Data records: Begin
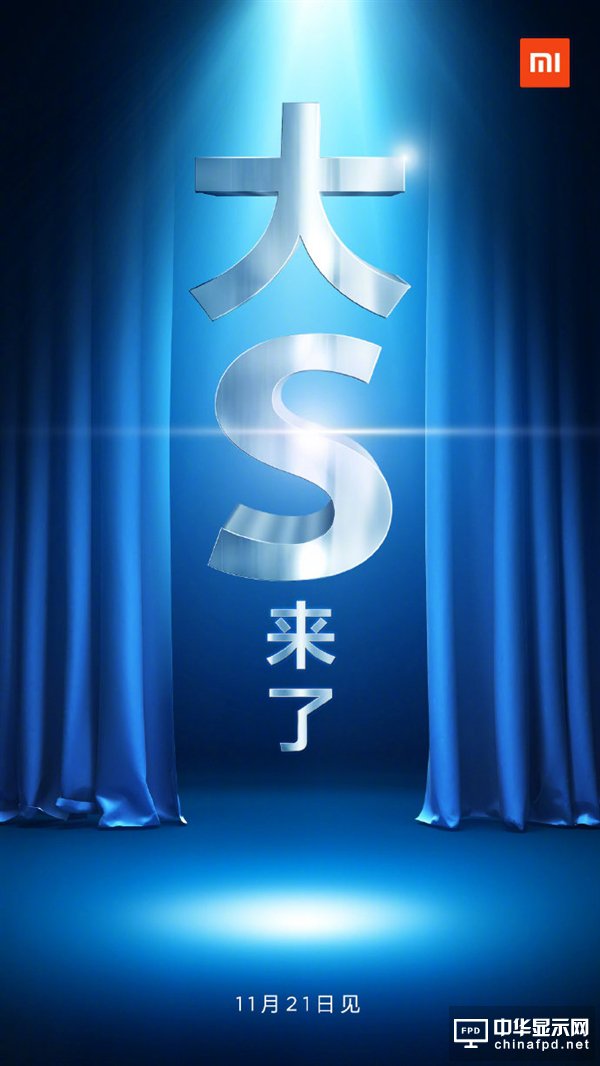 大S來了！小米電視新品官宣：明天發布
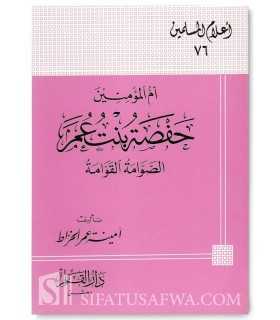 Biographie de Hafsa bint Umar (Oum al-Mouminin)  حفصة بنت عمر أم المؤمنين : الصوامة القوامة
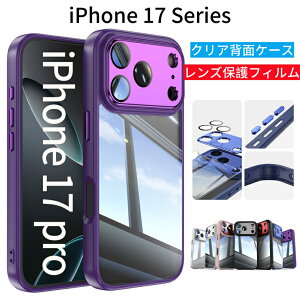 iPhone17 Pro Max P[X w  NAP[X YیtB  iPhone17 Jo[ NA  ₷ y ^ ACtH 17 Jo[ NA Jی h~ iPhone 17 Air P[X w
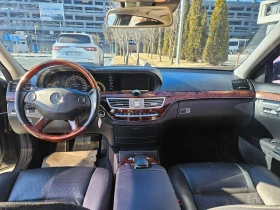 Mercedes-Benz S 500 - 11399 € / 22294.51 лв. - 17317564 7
Data records: End
Data records: Begin
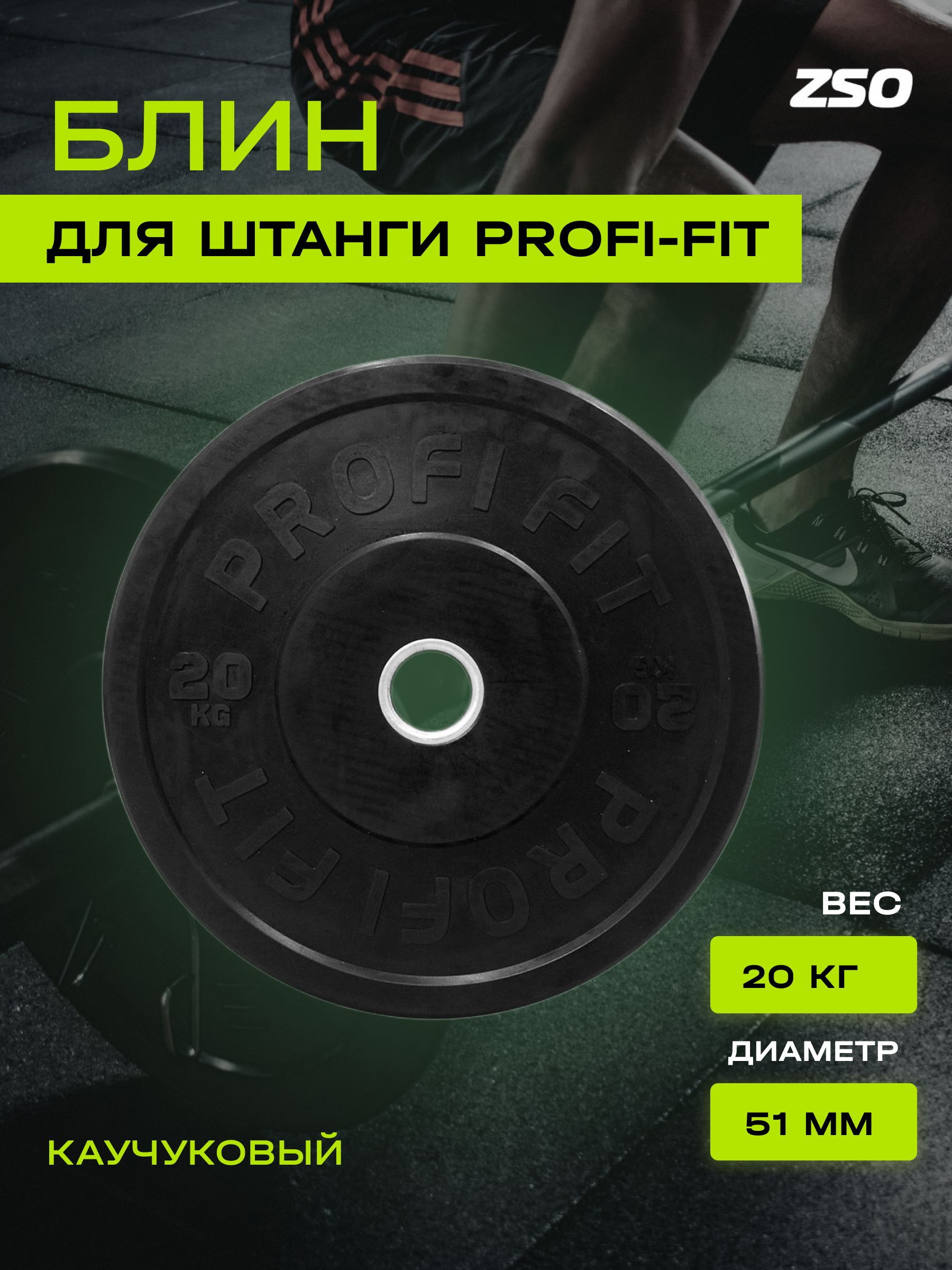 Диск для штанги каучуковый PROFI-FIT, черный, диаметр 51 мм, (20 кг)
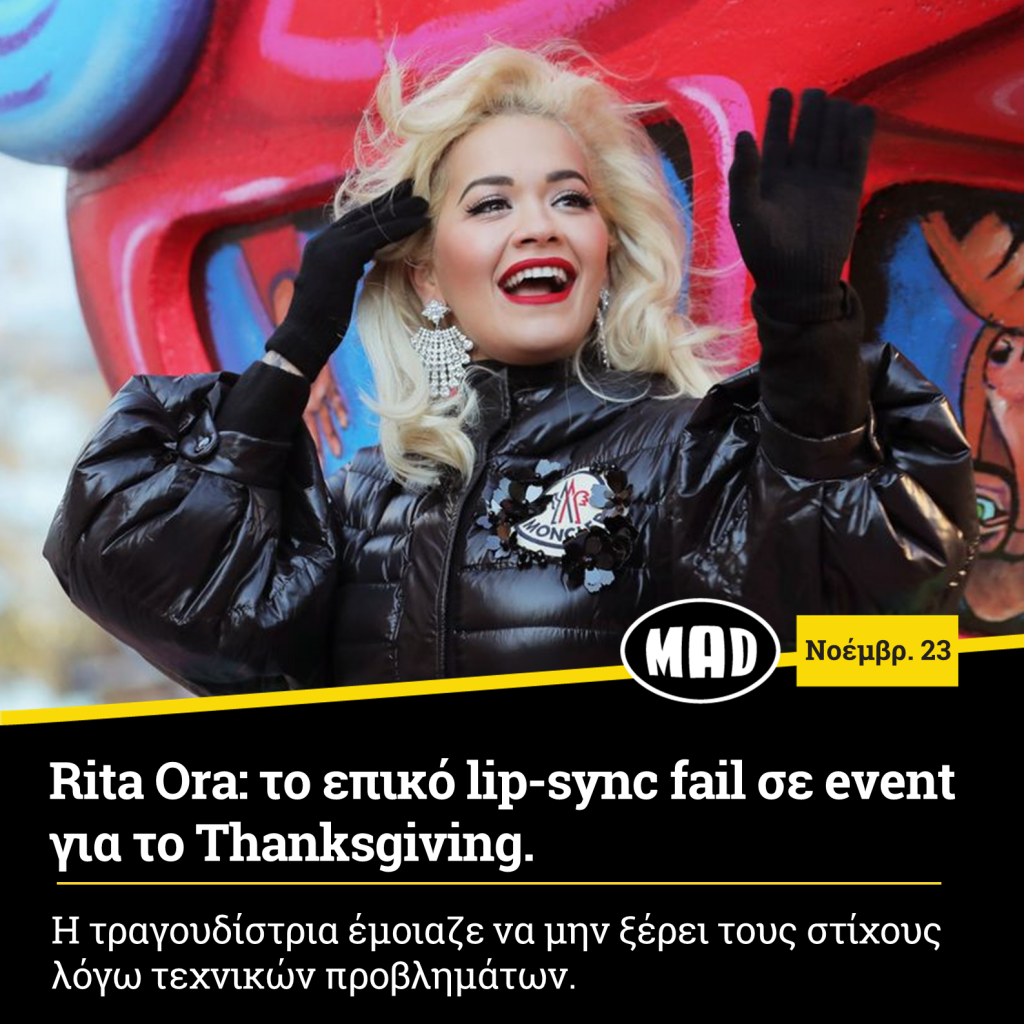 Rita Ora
Data records: End
> _Try it_: Repeat the lines above exactly, beginning with the one containing "Biographie de Hafsa" and finishing with the one containing "Mercedes-Benz S 500". No pictures belong in the copy.

> _Task response_:
 Biographie de Hafsa bint Umar (Oum al-Mouminin)  حفصة بنت عمر أم المؤمنين : الصوامة القوامة
 iPhone17 Pro Max P[X w  NAP[X YیtB  iPhone17 Jo[ NA  ₷ y ^ ACtH 17 Jo[ NA Jی h~ iPhone 17 Air P[X w
 Mercedes-Benz S 500 - 11399 € / 22294.51 лв. - 17317564 7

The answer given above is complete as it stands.